▶ _Activity_: Once you reach the line that holds "Cēsu novadā 358571" in the listing below, output it and every line after it through the line that holds "Rubus Idaeus Himbo Rot Himbeere", word for word.

▶ _Data section_:
+-------+

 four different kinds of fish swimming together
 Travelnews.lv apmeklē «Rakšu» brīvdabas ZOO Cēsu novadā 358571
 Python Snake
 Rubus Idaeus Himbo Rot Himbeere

+-------+

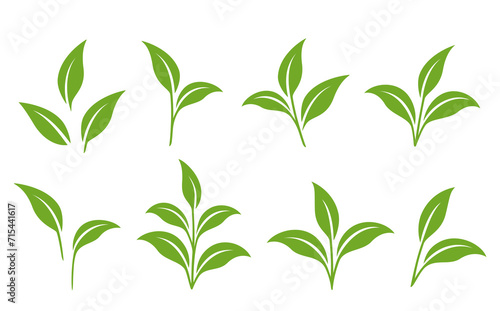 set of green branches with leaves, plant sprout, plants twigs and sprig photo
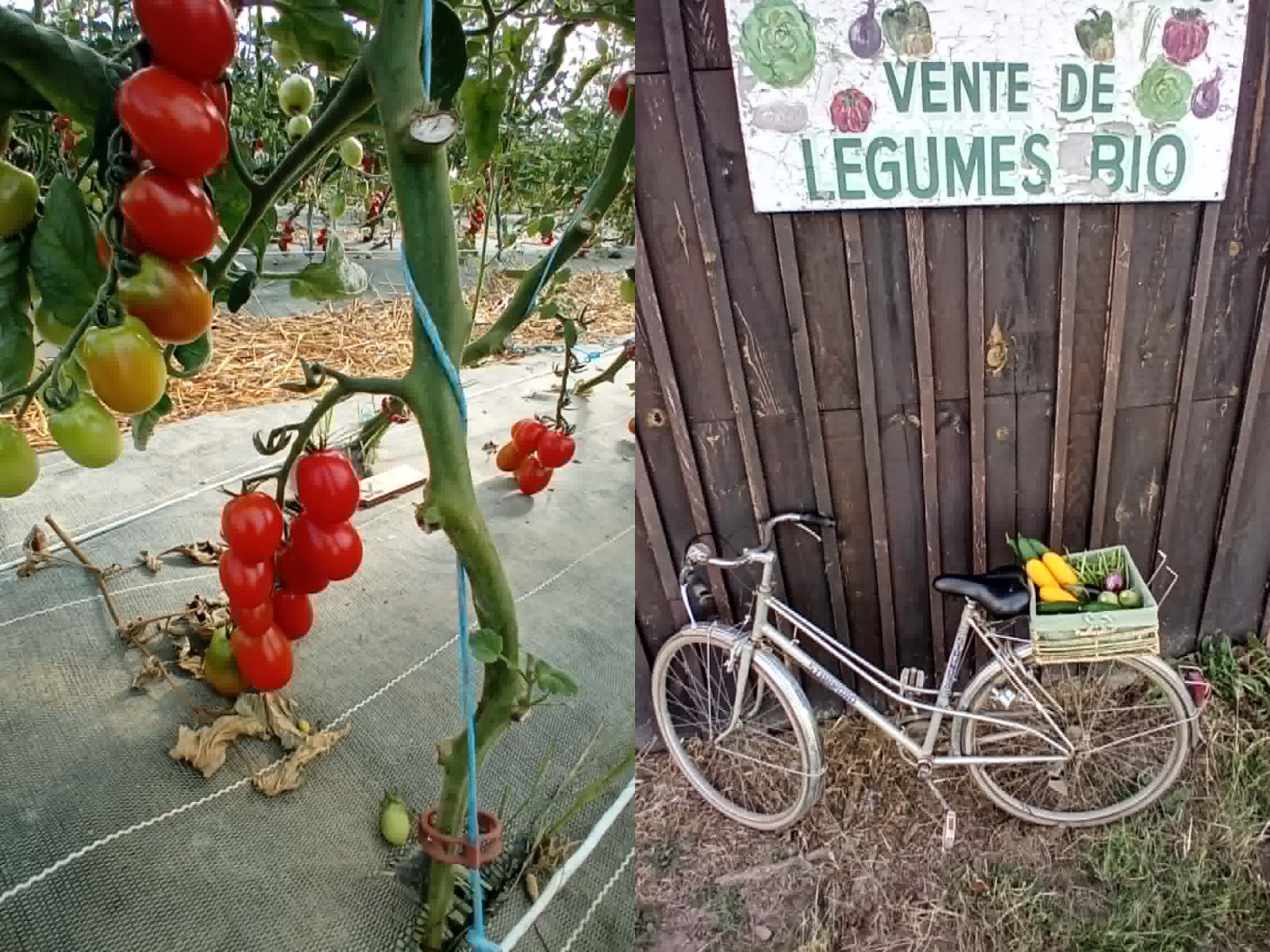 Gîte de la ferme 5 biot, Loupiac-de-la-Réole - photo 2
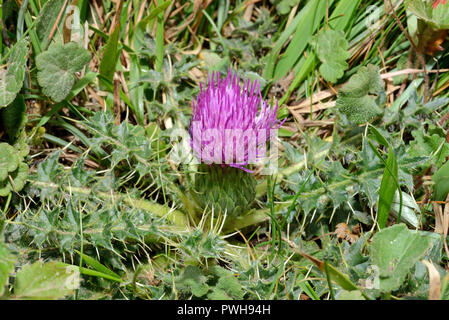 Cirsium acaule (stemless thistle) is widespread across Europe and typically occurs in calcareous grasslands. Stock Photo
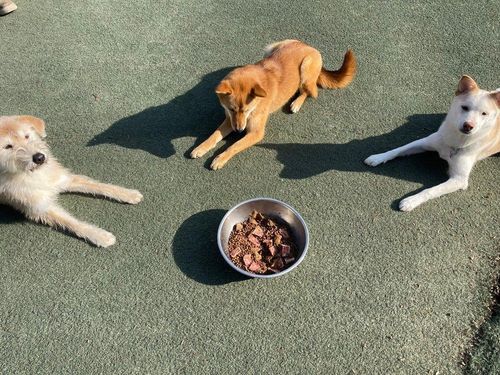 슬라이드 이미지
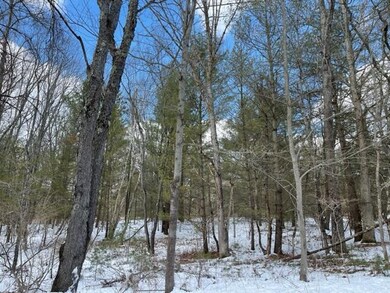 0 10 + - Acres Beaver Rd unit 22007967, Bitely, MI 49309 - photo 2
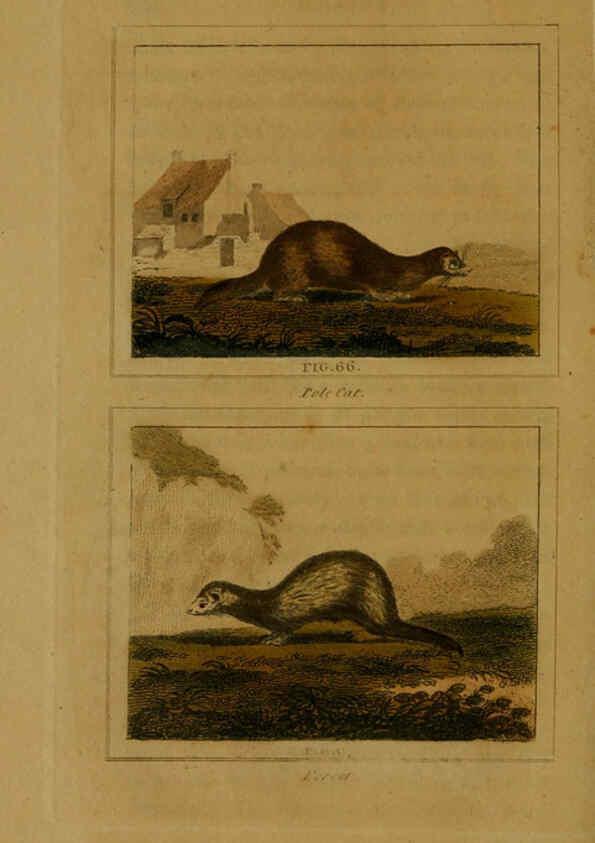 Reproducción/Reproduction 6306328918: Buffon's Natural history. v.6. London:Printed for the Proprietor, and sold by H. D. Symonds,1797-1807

+-------+

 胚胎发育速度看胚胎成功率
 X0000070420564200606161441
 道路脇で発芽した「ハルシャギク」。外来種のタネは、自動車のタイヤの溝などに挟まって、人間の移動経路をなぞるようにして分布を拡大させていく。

+-------+

▶ _Solution to the problem_:
 Travelnews.lv apmeklē «Rakšu» brīvdabas ZOO Cēsu novadā 358571
 Python Snake
 Rubus Idaeus Himbo Rot Himbeere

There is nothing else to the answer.